Tout dépend de la situation : quand il y a un lien entre l’enfant et la personne qui l’enlève, ça peut être moins traumatisant, s’il n’y a pas de violence. J’ai suivi des enfants qui avaient l’impression d’être partis en vacances, même s’ils sentaient que quelque chose n’allait pas. Mais chez un enfant, cet événement va rester, ça va le marquer, il va se construire avec. Certains se posent des questions identitaires : « qui je suis ? », des questions sur la séparation, l’abandon, la culpabilité aussi car ils sentent bien qu’ils sont les objets du déchirement familial. C’est pour ça qu’il faut les mettre en contact avec des professionnels, qui vont remettre en route la machine à penser, bloquée par le traumatisme.

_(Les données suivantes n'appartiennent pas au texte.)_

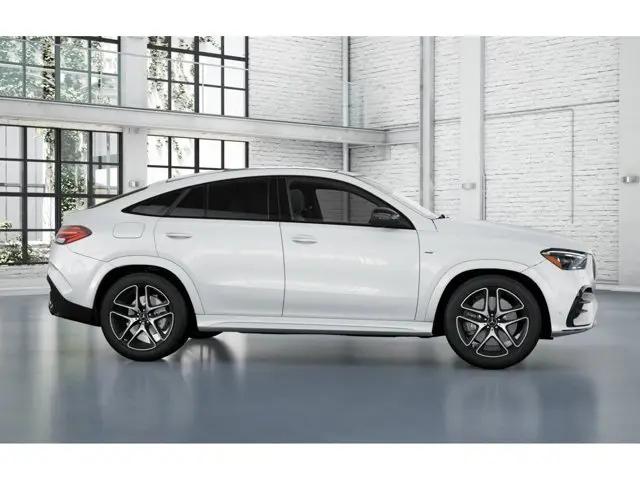 2026 Mercedes-Benz AMG GLE 53 4MATIC+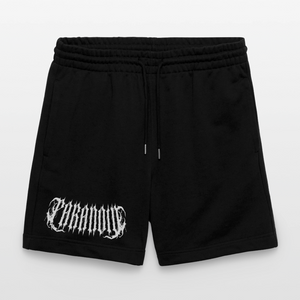 Stanley/Stella Unisex Bio Joggingshorts Trainer - Schwarz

Comment se prépare le retour à la « vie normale » après l’enlèvement ?

En amont, on travaille avec le parent victime pour réfléchir au retour de l’enfant, savoir comment l’accueillir. On parle aussi de la question du manque. Souvent le parent idéalise ce retour, le rêve. Et en même temps il y a une appréhension : est-ce que ce sera comme avant ou pas ? Va-t-il me reconnaître ? Le parent et l’enfant ont besoin de temps pour se retrouver. Ensuite, on essaie de réunir les enfants en groupes et d’évoquer tout ça par des dessins, des cartes, du théâtre. On évoque aussi le parent fautif, qui reste malgré tout un parent. Il ne faut pas couper le lien mais le faire exister dans le discours, sans être sans arrêt dans la négativité.